## What you need to do
Reproduce word for word the lines between those holding "new 2026 Jeep" and "хакатон тэмцээн эхэллээ", inclusive, and nothing else from the data below.

## Provided data
+ + + + +

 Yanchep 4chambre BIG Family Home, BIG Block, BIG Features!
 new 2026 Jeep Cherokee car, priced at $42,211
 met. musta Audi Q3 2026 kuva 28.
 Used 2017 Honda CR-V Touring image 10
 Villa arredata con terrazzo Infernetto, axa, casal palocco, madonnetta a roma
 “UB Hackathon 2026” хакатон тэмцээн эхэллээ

+ + + + +

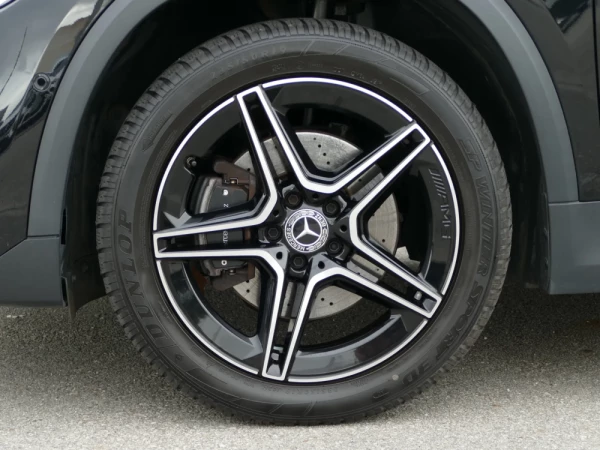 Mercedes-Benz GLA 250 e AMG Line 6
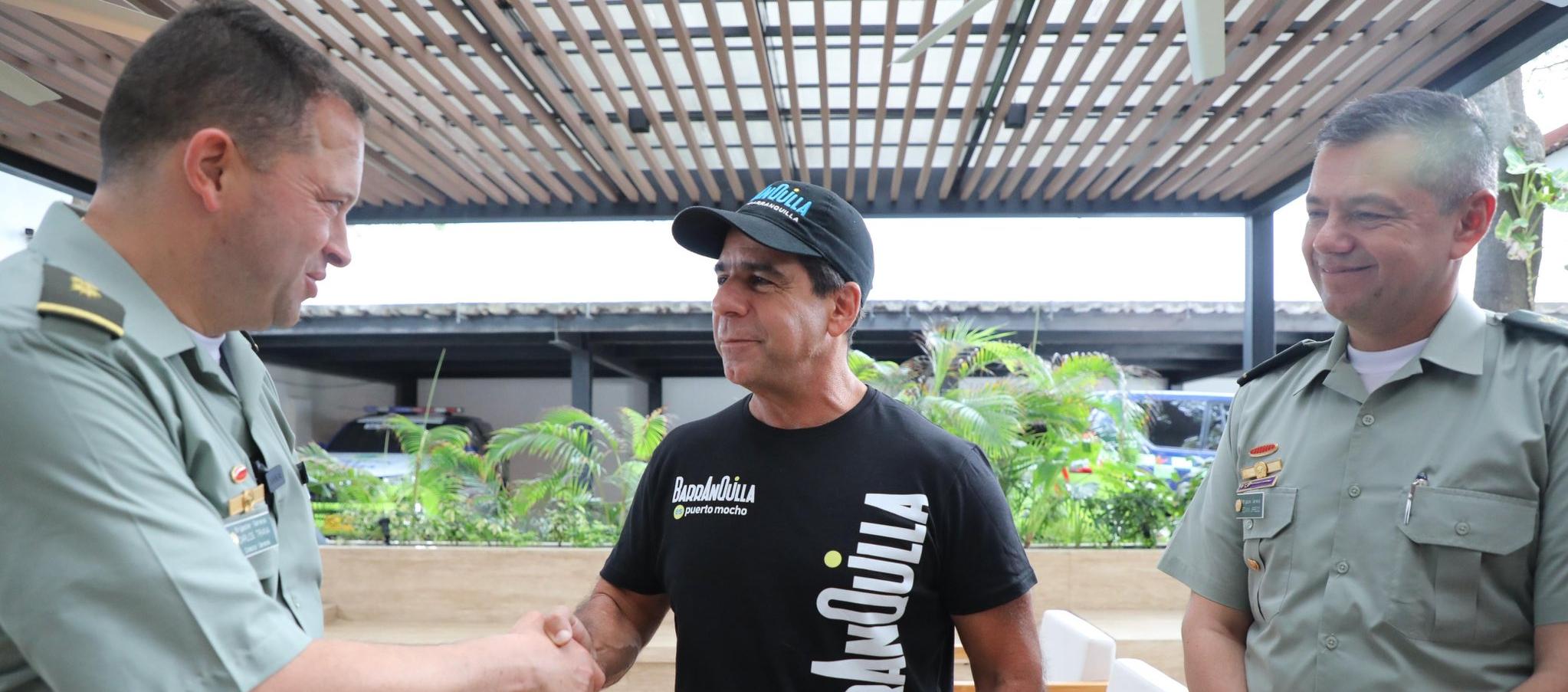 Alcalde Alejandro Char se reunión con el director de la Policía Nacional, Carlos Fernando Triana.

+ + + + +

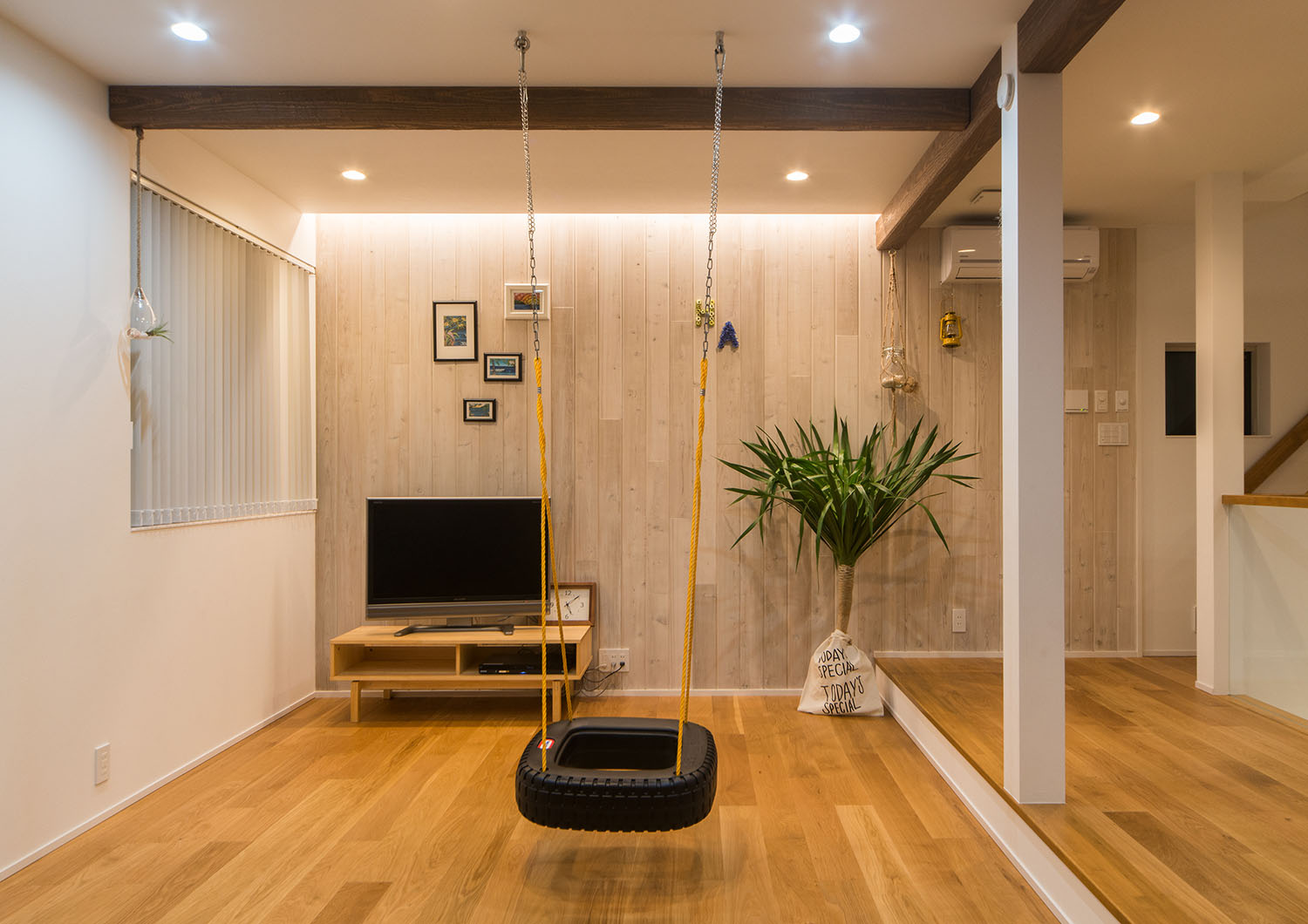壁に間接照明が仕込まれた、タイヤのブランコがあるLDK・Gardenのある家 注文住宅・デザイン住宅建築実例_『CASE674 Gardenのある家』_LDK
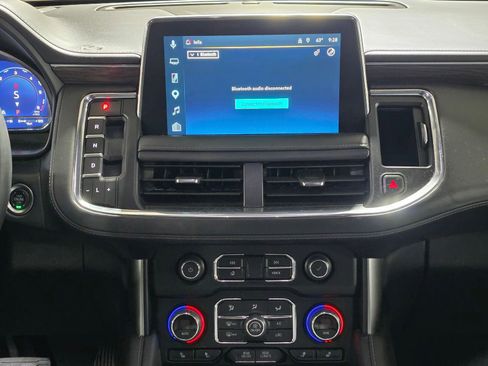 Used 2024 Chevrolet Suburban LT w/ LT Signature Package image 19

+ + + + +

## Solution below
 new 2026 Jeep Cherokee car, priced at $42,211
 met. musta Audi Q3 2026 kuva 28.
 Used 2017 Honda CR-V Touring image 10
 Villa arredata con terrazzo Infernetto, axa, casal palocco, madonnetta a roma
 “UB Hackathon 2026” хакатон тэмцээн эхэллээ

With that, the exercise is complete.